Directions -> State how many lines below hold the word "Volume". Give that number and no other text.

◇ ◇ ◇

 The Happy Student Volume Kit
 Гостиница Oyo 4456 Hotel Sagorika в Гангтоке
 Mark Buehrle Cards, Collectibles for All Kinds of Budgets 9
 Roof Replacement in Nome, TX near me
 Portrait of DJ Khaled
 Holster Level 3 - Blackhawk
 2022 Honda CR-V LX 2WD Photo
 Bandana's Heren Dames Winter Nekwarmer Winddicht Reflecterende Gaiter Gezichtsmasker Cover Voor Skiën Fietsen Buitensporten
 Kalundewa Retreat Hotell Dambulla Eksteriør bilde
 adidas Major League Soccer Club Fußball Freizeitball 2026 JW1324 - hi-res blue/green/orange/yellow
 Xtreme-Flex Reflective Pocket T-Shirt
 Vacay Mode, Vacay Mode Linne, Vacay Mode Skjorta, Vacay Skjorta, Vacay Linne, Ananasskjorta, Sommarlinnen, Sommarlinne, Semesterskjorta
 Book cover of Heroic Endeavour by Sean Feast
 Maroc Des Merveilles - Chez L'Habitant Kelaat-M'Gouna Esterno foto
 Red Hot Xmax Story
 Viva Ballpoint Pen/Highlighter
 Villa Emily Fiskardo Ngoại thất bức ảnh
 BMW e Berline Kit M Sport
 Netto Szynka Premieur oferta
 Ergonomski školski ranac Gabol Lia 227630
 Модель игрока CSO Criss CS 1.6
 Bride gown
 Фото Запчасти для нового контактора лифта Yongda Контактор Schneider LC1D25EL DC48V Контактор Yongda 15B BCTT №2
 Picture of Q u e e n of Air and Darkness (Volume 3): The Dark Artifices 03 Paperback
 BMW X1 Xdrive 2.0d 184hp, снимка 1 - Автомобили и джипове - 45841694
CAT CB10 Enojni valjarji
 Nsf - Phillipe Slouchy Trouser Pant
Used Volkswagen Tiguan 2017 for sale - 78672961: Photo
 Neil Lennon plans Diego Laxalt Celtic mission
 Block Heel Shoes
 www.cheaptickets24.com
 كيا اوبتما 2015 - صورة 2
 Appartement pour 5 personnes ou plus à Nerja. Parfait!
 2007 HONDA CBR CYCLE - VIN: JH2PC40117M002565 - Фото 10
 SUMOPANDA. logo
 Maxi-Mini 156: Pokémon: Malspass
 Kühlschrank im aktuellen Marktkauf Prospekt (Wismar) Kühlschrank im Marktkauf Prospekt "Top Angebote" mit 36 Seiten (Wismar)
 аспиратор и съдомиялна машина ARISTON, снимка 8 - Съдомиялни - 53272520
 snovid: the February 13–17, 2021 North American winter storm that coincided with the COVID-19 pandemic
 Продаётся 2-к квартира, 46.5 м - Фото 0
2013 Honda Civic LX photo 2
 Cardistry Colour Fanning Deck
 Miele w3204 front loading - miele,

◇ ◇ ◇

Response for this exercise -> 2